What I mean by that is that while LAS makes the most of the shocking inconsistency between Lucy Audley's angelic appearance and her fearful capacity for deceit and violence, the most surprising thing about Aurora Floyd is that she is depicted as strong-willed, passionate, even sexual, and yet not villainous. Her youthful error of running off with her father's handsome groom ("wonderfully and perfectly handsome--the very perfection of physical beauty, faultless in proportion, as if each line in his face and form had been measured by the sculptor's rule, and carved by the sculptor's chisel. . . yet it is rather a sensual type of beauty") does not disqualify her from marriage to an excellent husband (of course, it should have, seeing as how the result is bigamy and all, but my point is that other than that small technical problem--which, to be perfectly fair, is accidental, as Aurora believes her first husband to be dead--Aurora is a good wife for John Mellish). Sure, she loves riding horses, and even betting on them, more than is strictly proper, but again, this aberration from conventional feminine propriety does not signal her incompatibility for the role of "heroine" of the novel. To some extent, she is tamed and chastened by the disasters that follow from her early indiscretion, but she is only "a shade less defiantly bright" at the end.
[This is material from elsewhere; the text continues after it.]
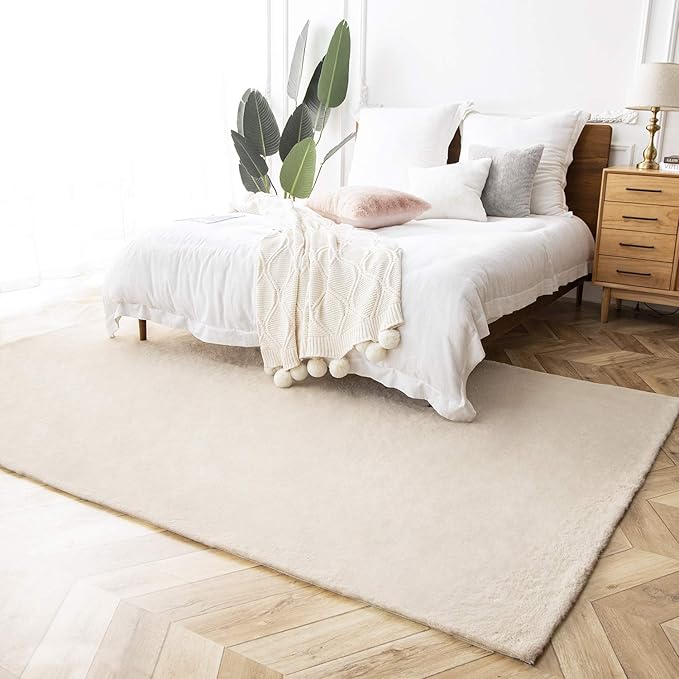Ashler Faux Fur Rug, Ultra Soft Faux Rabbit Fur, 5 x 7 Feet Rectangle, Machine - Image 2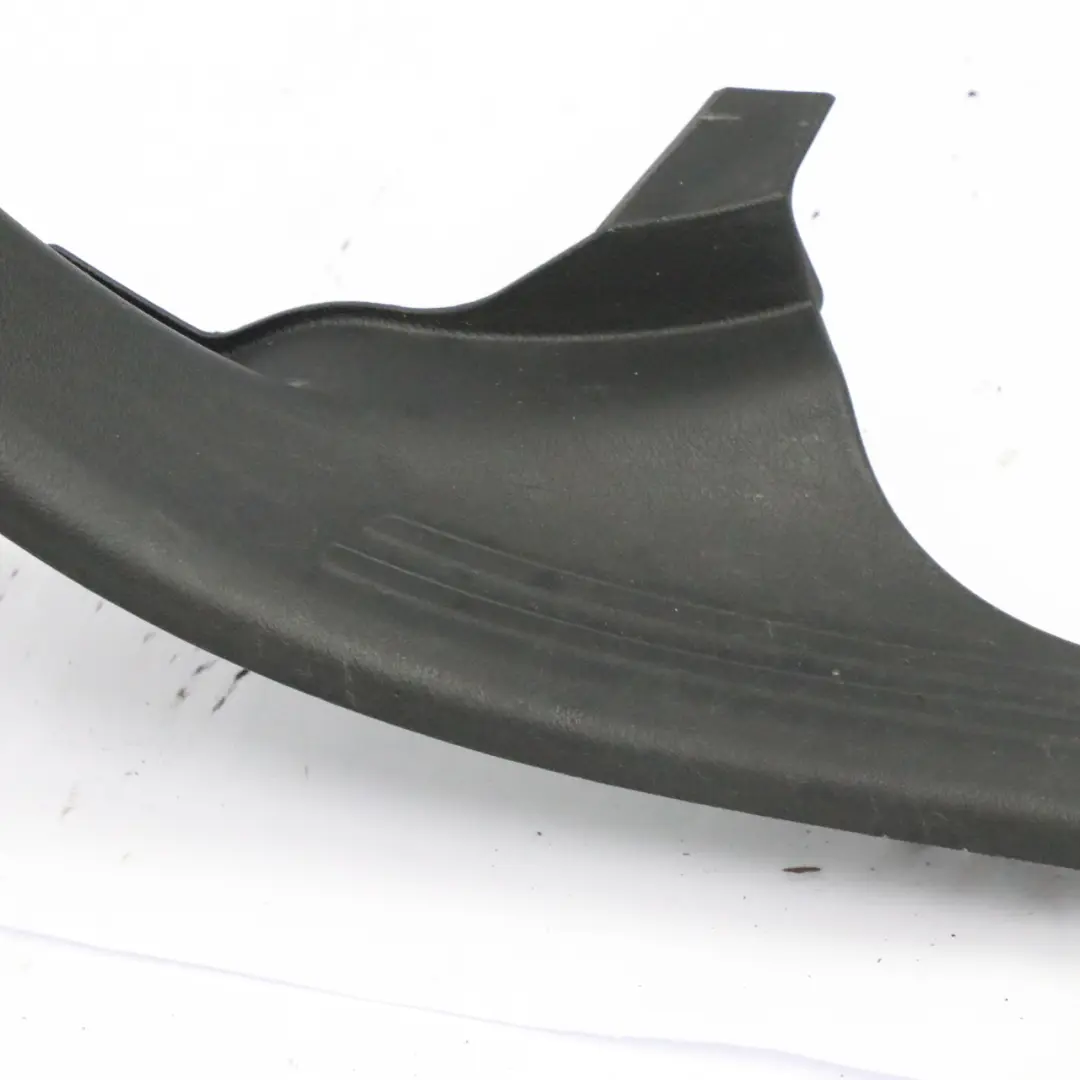 Audi A6 C6 Couvre pilier droit panneau intérieur Soul Black - SKU 4F0867768A - Numéro de pièce 4F0867768A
So while in LAS Braddon panders to, or at least takes advantage of, fears of powerful women who pursue their own desires rather than subduing them, in AF she tries, I think, to complicate questions of feminine nature and identity by creating a protagonist who is neither angel nor demon, but something more complexly human.
That said, there are many irritating features of the novel, though I have had a hard time deciding why I don't tolerate , from this author or in this book, literary strategies I don't object to in others. For instance, I find Braddon's narrative intrusions too intrusive in Aurora Floyd; they strike what seem like false notes, creating awkward shifts in register. Is there something inept about them, or is my response conditioned by my expectations for 'sensation' novels--e.g. that they should not even try to be realist or philosophical novels? Braddon is not an exceptionally gifted stylist in any case: there's nothing distinctive about her prose, though as I remarked last week about LAS, it can be very effective in creating certain kinds of moods or pictures. She can't resist heavy-handed foreshadowing ("That home so soon to be desolate! -- with such ruin brooding above it as in his darkest doubts, his wildest fears, he had never shadowed forth!"). Still, it's a perpetually interesting book, not just at the level of plot (it develops into a murder mystery) but in terms of its manipulations of literary and social conventions and tropes.